**Data shown**
※ ※ ※

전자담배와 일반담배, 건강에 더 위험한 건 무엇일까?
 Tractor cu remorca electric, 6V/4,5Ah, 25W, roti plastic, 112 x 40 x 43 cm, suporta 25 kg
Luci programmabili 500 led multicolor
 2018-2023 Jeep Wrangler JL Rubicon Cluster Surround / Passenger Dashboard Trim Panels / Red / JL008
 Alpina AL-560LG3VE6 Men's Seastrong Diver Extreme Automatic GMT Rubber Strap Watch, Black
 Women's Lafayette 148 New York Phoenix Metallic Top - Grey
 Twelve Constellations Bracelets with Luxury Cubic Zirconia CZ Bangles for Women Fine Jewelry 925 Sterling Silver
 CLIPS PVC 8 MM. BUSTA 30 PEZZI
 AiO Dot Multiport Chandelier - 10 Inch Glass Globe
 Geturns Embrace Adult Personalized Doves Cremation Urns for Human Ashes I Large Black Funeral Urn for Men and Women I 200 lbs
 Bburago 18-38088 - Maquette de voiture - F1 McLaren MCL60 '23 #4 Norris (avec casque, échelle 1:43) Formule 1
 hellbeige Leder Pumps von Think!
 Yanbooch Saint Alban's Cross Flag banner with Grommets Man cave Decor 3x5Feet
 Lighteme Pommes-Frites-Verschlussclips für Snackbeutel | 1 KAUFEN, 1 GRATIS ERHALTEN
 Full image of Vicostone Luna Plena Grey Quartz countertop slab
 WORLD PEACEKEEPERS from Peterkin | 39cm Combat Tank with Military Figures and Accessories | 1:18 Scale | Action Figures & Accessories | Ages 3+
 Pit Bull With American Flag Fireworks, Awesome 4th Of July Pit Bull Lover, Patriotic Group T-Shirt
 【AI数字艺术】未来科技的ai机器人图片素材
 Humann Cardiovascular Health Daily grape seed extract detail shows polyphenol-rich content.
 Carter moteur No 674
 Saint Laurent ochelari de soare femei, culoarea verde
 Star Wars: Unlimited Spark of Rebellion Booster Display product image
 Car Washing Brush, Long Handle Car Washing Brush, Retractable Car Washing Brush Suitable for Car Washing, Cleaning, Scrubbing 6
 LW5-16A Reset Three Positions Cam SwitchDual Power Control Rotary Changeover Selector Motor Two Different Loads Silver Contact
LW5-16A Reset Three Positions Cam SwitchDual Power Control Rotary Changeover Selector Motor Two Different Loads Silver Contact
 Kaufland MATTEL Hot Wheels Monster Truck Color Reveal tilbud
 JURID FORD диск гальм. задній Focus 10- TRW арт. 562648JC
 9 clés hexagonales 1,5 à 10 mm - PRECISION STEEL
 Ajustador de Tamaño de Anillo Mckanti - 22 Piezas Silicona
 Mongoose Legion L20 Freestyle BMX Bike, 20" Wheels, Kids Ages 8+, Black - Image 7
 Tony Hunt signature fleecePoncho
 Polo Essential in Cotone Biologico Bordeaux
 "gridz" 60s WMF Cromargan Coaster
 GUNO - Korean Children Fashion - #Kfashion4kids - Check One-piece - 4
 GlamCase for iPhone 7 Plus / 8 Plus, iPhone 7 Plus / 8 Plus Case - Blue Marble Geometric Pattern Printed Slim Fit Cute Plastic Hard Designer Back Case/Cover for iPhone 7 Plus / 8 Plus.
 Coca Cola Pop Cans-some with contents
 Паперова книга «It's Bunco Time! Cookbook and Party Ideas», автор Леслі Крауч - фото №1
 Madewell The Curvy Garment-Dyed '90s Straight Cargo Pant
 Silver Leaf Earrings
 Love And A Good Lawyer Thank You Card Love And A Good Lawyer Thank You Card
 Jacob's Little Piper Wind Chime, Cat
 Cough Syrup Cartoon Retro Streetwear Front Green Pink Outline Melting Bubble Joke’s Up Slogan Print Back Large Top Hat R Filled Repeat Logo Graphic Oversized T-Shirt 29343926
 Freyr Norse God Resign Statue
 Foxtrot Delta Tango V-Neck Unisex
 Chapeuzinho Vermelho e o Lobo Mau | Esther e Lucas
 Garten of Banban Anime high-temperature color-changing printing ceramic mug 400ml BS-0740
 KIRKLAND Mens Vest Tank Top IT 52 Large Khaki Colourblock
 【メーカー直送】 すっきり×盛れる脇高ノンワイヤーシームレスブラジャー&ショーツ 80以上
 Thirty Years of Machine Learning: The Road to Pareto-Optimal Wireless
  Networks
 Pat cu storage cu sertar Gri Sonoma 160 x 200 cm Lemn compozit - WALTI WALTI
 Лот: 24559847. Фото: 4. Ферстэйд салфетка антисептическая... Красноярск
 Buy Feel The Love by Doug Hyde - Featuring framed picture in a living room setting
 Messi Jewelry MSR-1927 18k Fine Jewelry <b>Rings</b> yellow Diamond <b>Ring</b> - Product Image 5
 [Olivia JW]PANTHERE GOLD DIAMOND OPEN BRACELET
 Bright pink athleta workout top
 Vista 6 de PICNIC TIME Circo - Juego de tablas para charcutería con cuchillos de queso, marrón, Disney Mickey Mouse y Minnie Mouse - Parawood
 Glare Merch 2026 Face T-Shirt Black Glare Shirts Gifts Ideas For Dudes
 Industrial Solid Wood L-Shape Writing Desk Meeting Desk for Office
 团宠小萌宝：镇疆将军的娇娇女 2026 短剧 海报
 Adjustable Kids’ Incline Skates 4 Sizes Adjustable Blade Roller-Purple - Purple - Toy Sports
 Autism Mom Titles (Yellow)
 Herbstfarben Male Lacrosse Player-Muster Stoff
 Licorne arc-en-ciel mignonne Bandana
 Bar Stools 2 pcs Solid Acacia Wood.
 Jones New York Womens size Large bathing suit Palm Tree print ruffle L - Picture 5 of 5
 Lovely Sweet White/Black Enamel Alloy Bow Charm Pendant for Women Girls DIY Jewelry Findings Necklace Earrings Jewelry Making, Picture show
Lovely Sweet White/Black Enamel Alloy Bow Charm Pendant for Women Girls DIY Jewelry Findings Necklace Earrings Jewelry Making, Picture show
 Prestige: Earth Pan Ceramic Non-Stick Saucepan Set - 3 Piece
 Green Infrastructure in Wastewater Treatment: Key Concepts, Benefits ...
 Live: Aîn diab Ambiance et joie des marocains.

※ ※ ※

**Brief**
Beginning with the line that contains "Green Infrastructure in", repeat every line through the end of the records and nothing more.

**Your response**
 Green Infrastructure in Wastewater Treatment: Key Concepts, Benefits ...
 Live: Aîn diab Ambiance et joie des marocains.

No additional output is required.